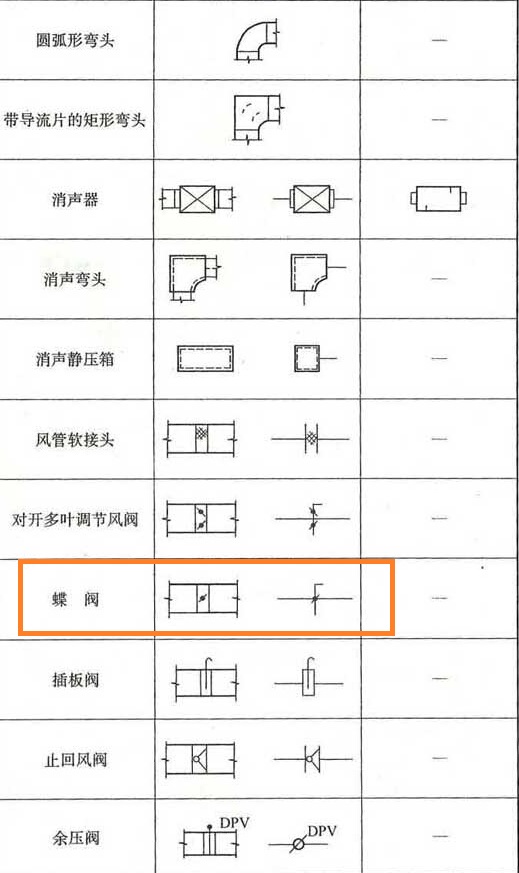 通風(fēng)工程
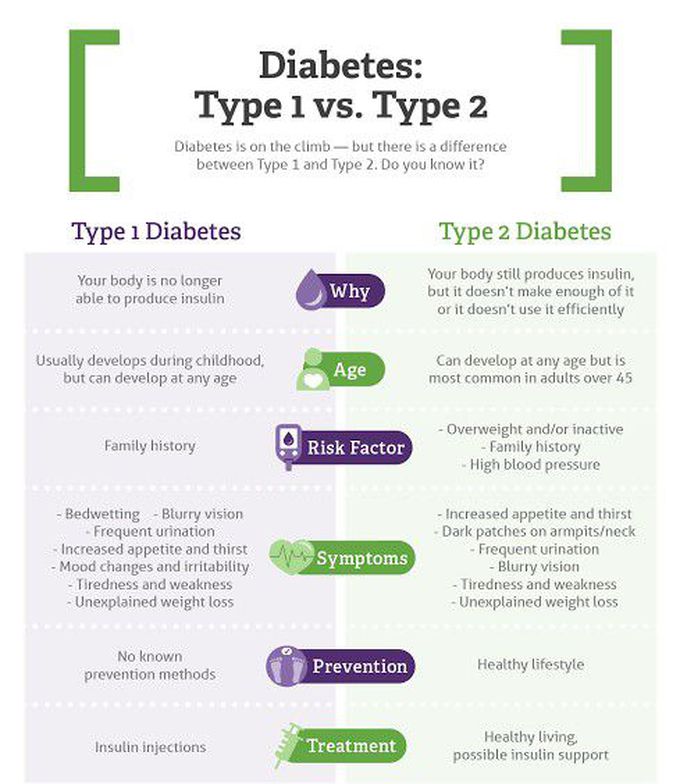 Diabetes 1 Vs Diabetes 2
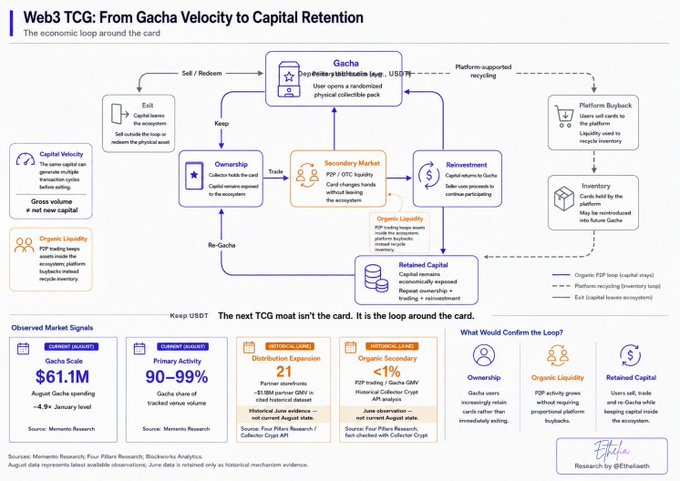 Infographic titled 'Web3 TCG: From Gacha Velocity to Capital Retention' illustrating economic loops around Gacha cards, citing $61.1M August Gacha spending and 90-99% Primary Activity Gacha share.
==
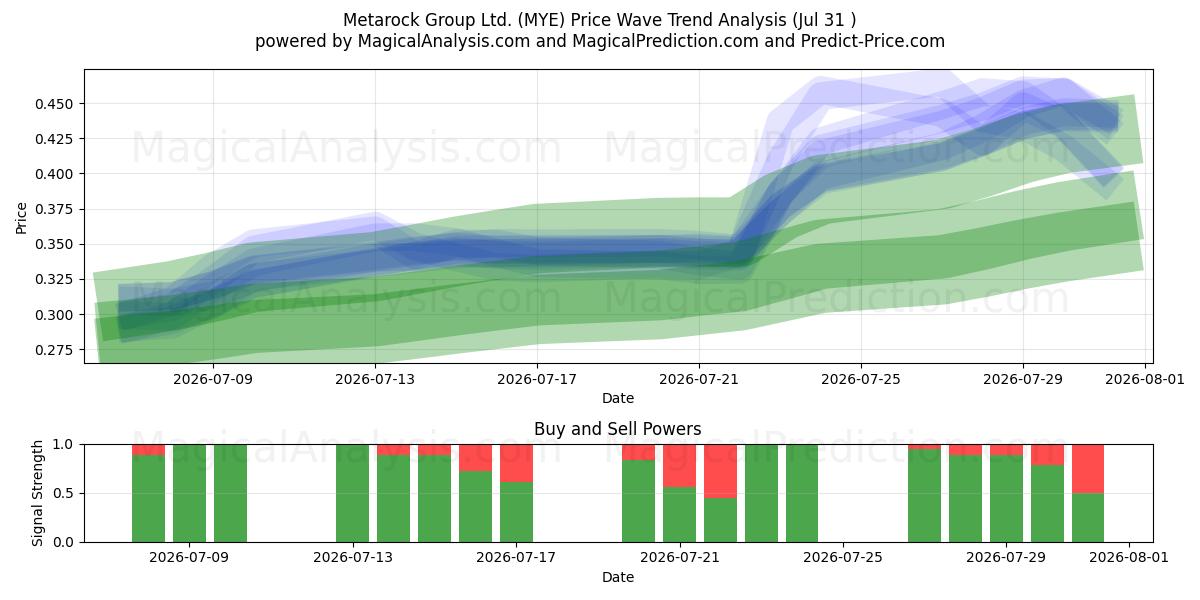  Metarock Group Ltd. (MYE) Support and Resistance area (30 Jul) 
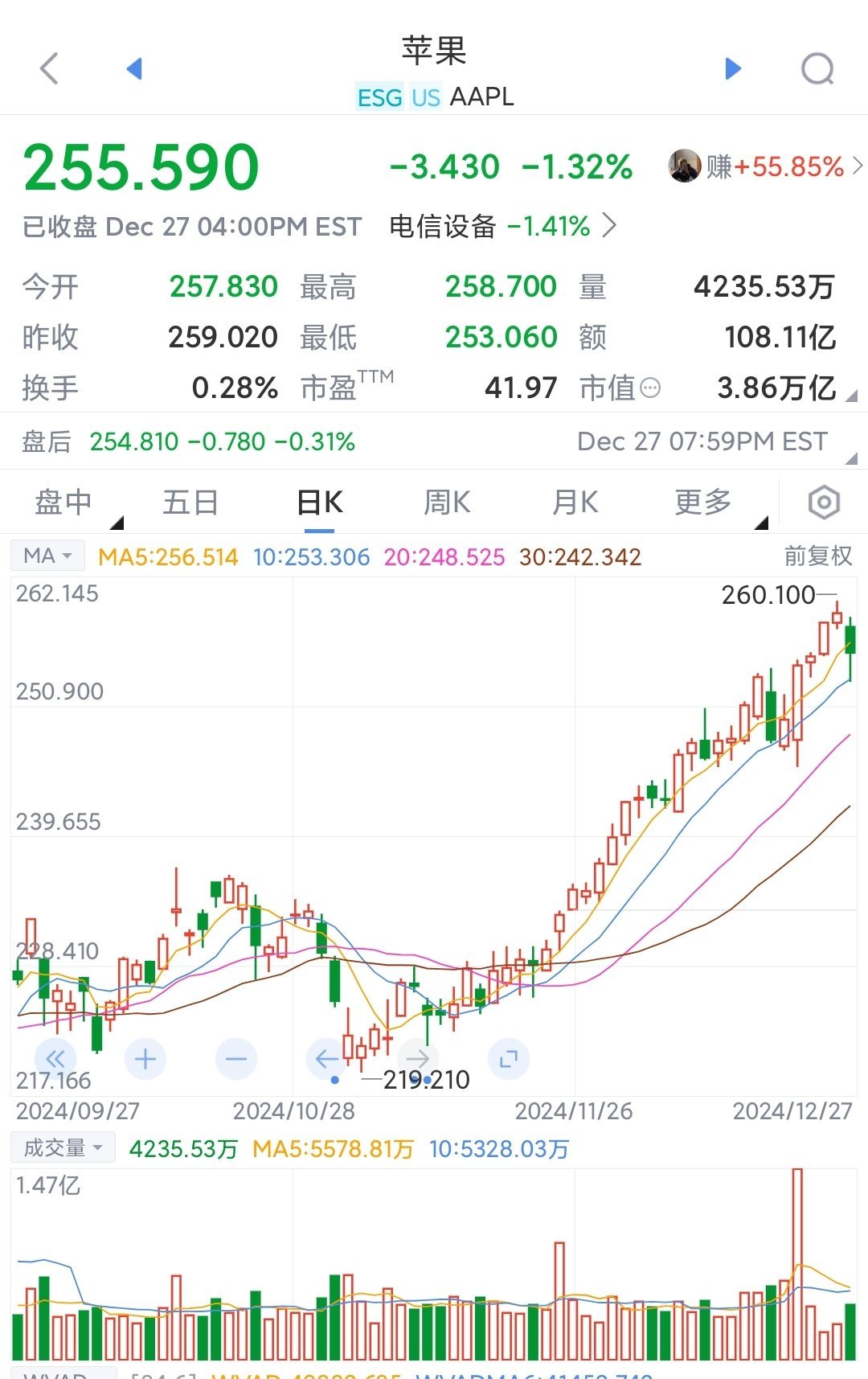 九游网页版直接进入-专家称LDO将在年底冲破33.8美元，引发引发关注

## Task requirements
Using the records above, return verbatim only the part that opens with the line containing "Metarock Group Ltd." and closes with the line containing "九游网页版直接进入-专家称LDO将在年底冲破33.8美元，引发引发关注"; pictures stay out.

## Task solution
  Metarock Group Ltd. (MYE) Support and Resistance area (30 Jul) 
 九游网页版直接进入-专家称LDO将在年底冲破33.8美元，引发引发关注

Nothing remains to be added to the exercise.